• Collected data:

= Beginning of Section =

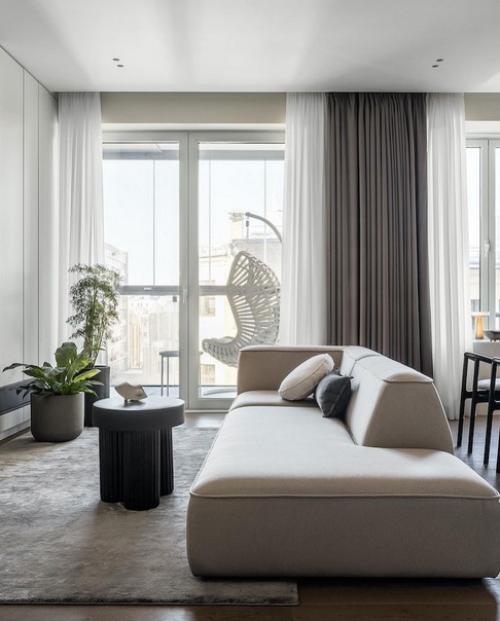 Красивая кухня - гостиная для молодой девушки в минималистичном стиле. 05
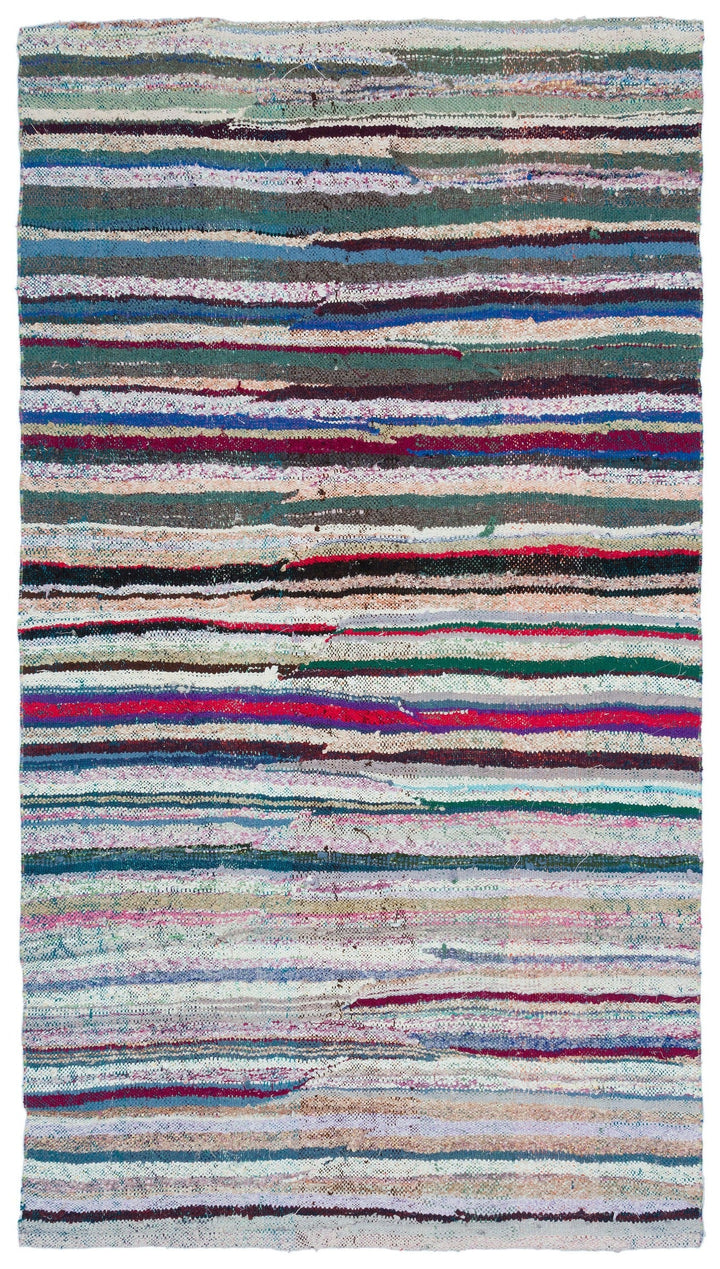 Cretan Beige Striped Wool Hand-Woven Carpet 148 x 262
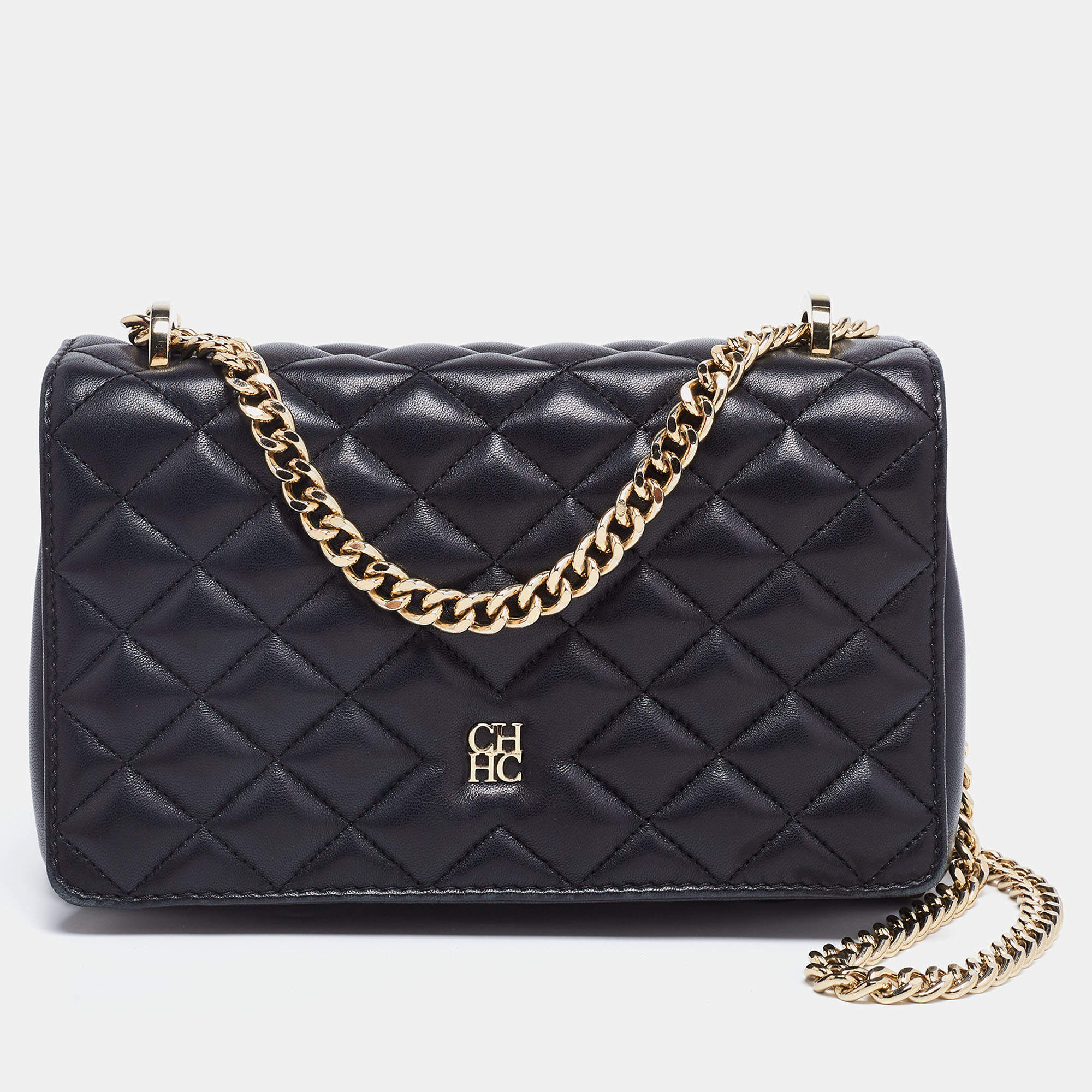 مملوكة مسبقًا CH Carolina Herrera Black Quilted Leather Flap Chain Shoulder Bag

= End of Section =

• Task description: Return the listing verbatim, pictures excluded.

• Exercise response:
 Красивая кухня - гостиная для молодой девушки в минималистичном стиле. 05
 Cretan Beige Striped Wool Hand-Woven Carpet 148 x 262
 مملوكة مسبقًا CH Carolina Herrera Black Quilted Leather Flap Chain Shoulder Bag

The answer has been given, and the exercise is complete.